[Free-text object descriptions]
========
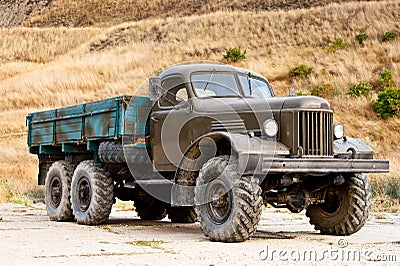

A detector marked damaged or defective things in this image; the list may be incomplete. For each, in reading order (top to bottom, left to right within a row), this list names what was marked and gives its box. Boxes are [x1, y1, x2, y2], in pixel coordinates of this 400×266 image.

rusty green cargo bed [26, 95, 152, 155]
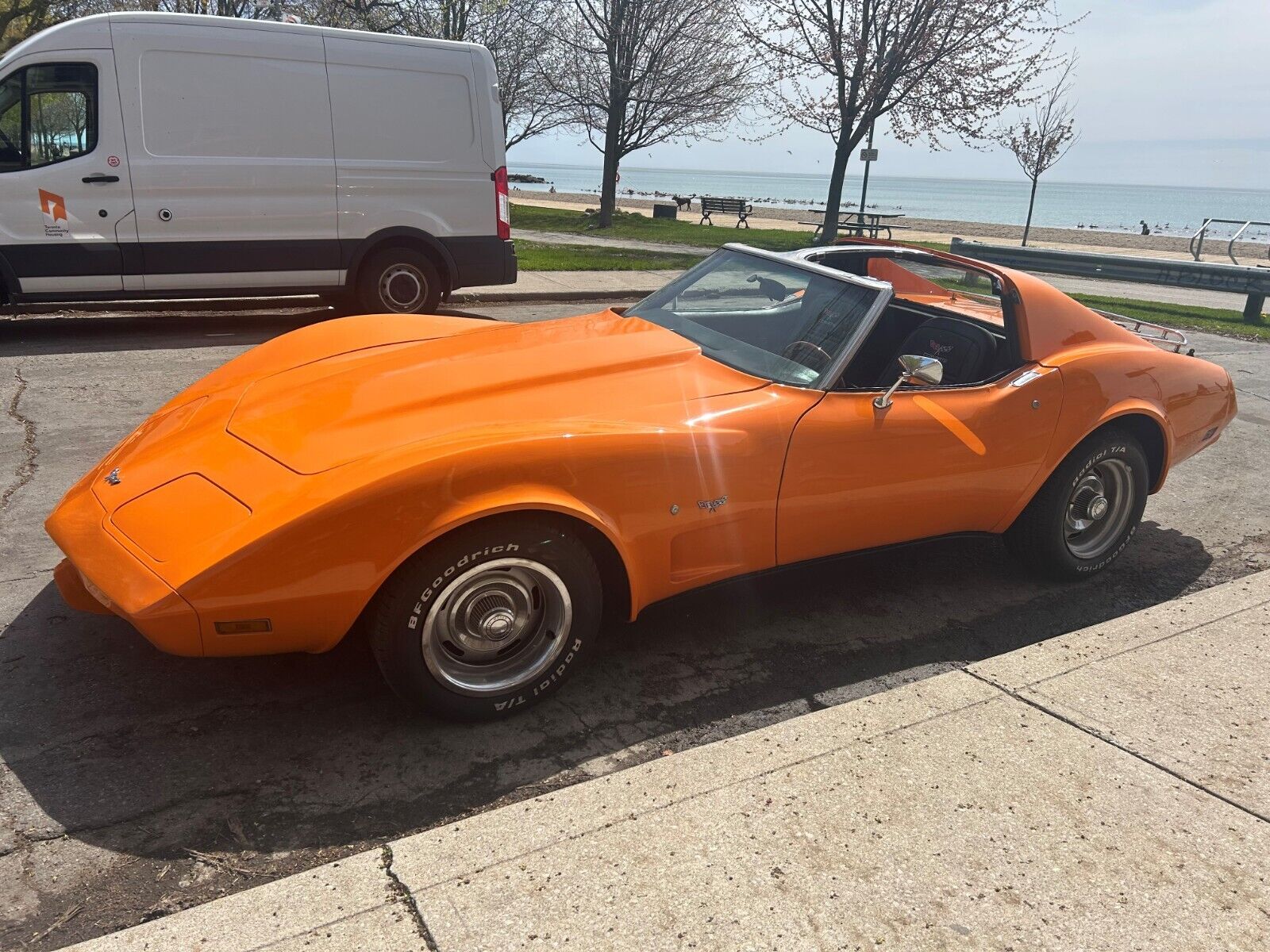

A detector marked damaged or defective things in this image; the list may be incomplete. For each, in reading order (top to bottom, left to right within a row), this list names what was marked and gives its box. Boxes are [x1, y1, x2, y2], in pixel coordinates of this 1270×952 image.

sidewalk crack [2, 365, 38, 515]
sidewalk crack [965, 670, 1264, 827]
sidewalk crack [378, 847, 444, 949]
========
Your objective: Could you set down exactly the lines from the one containing "this 1270×952 image." through the last line of the records above, both included?

Exercise response:
A detector marked damaged or defective things in this image; the list may be incomplete. For each, in reading order (top to bottom, left to right within a row), this list names what was marked and gives its box. Boxes are [x1, y1, x2, y2], in pixel coordinates of this 1270×952 image.

sidewalk crack [2, 365, 38, 515]
sidewalk crack [965, 670, 1264, 827]
sidewalk crack [378, 847, 444, 949]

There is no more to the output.